The sharp contrast in responsibility between privately- and state-owned property is nowhere better illustrated than in comparing the care and maintenance of a private amusement park, such as Disneyland, and almost any city-owned park. Disneyland is immaculate in its cleanliness; no youth gangs run loose to annoy people; and crime is virtually nonexistent, thus permitting families to wander freely without fear of being molested or attacked. By contrast, many city parks are overrun with trash, graffiti, unsavory characters, and muggers. No responsible parent would dream of taking his or her family to such a park for an evening of enjoyment. Or, compare the upkeep of a private school with that of all too many government school buildings with their broken windows, graffiti-covered walls, and prisonlike steel fences. Nor can we forget the lessons learned from the erstwhile Iron Curtain countries: privately owned farms were much more productive than collective farms, just one of the many liberalizing influences that helped to dismantle the system of state ownership in such countries.
There are a number of motivational factors that cause privately-owned facilities to be better managed and more productive than those that are owned collectively. Where property is owned privately, there is a direct correlation, to the owner, between the costs and the benefits associated with the use of such property. Because I will reap the benefits of doing so, I have a greater incentive to incur the expenses of repairing a building that I own than I have to contribute to the repair of the city hall. We can recall Robert Ardrey’s observation that among animals, personal territory carries with it a sense of energy sufficient to provide an owner with the capacity to repel trespasses even by stronger attackers.
Collective ownership, by contrast, fosters both the “tragedy of the commons” and “free rider” problems, wherein individuals are neither motivated to ration the use of a collective good or service, nor to incur the cost of providing such a good or service that they are able to enjoy without doing so. Still, politicized minds would rather use coercion to compel participation in state-owned activities than to rethink their assumptions by privatizing collective activities. As a result, we witness the inevitable increase in state coercion that accompanies rejections of private ownership and control of property. It is no coincidence that the bloodiest police-states in recent history (i.e., the Soviet Union, Nazi Germany, China) practiced collective ownership and/or control of property.
Such examples should remind us, once again, that whatever is said to be owned by everyone is owned by no one. It should also remind us of the earlier point that blurring the boundaries of our information systems—be it language, knowledge, or property—helps to generate the social disorder that is essential to the interests of the state. Wartime slaughter, genocides, and other forms of state tyranny have, like the atrocities committed by other organized mobs, been produced by the illusion that we can collectively pursue ends for which none of us need be personally responsible. Few of us would have the stomach to personally confront a neighbor, or even a total stranger, and do to him what we thoughtlessly approve of government officials routinely doing to millions of others through their collective authority.
By identifying both ourselves and others with any abstraction, we externalize our sense of reality. Inquiries into “the good, the true, and the beautiful” produce standardized responses that conform to the interests of those entities with which we associate ourselves.
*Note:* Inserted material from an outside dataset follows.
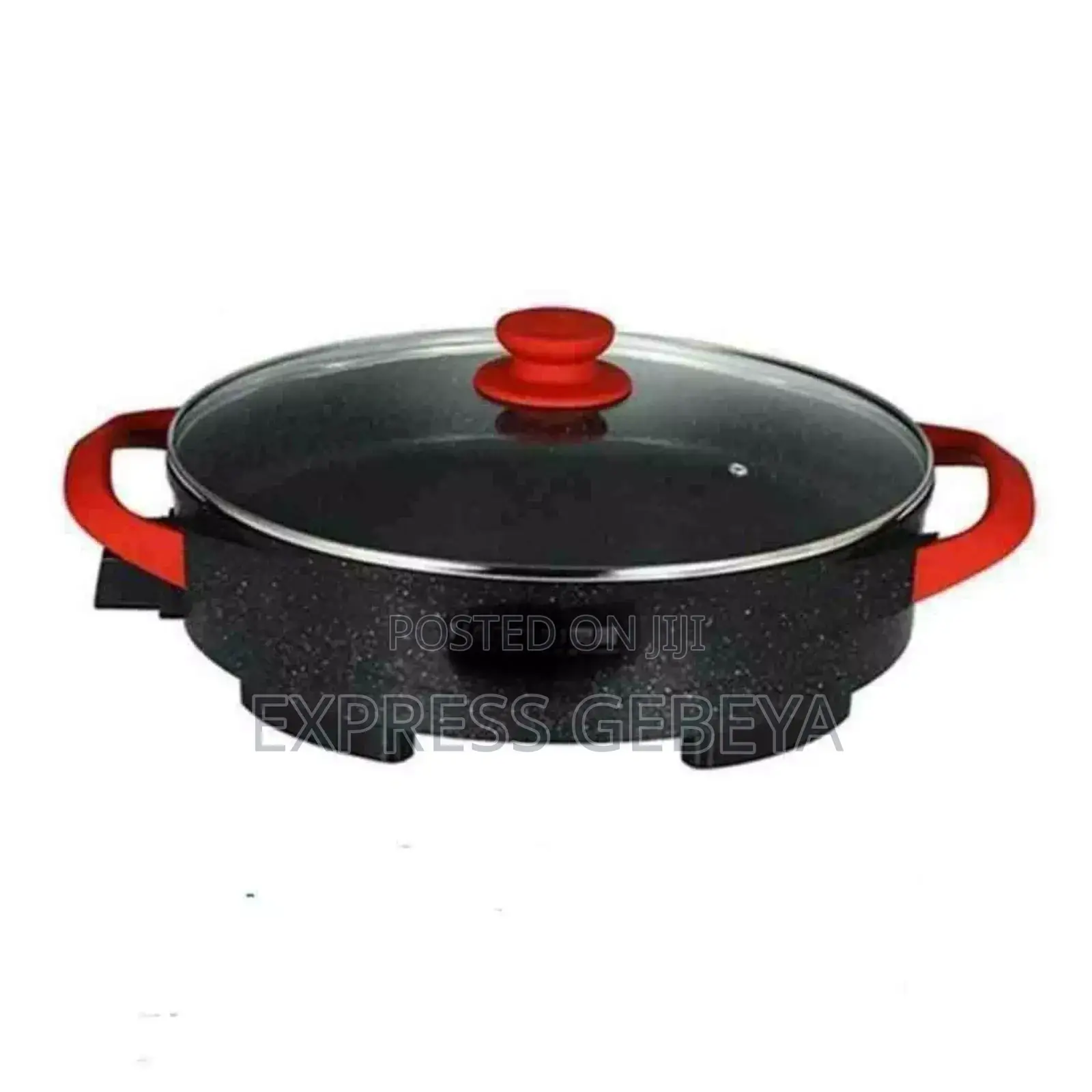Ceramic Pizza Pan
We think of ourselves as being in a world that is “out there,” beyond us, a world that operates on the basis of “objective” principles that we learn to substitute for our inner, intuitive sense.
The collectivist mindset has depended upon a belief in objective values, particularly in economic matters. The presumption is that the price for which a product sells in the marketplace, which price is objective, correlates with the value of such product to market participants. In fact, the exchange value of a product will never equate with its price. Because we are motivated to act only out of an intention to be better off afterward than we would be had we not acted, any transaction between a buyer and seller is premised upon each anticipating a net gain. This means that the seller will subjectively value the item less than the money the buyer is willing to pay for it, while the buyer will value the product more than he will the money he is prepared to exchange for it. But subjectivity necessarily implies individualized decision-making and a multiplicity of preferences and actions, a condition that would be fatal to all collective systems. This process by which subjective values get translated into objective prices is what makes the study of economics particularly microeconomics—such a fascinating window into human behavior.
Believing that economic values have an objective quality to them, has led to the popular belief that any price received by a seller in excess of this “value” constitutes “exploitation.” One sees this attitude expressed following a natural disaster, when retailers are able to sell scarce commodities at higher prices than usual. The mindset also surfaces in eminent domain cases, when the state pays a supposed “fair market value” for property taken from an unwilling owner. A “market price” for anything can be determined only when an owner’s claim is voluntarily transferred.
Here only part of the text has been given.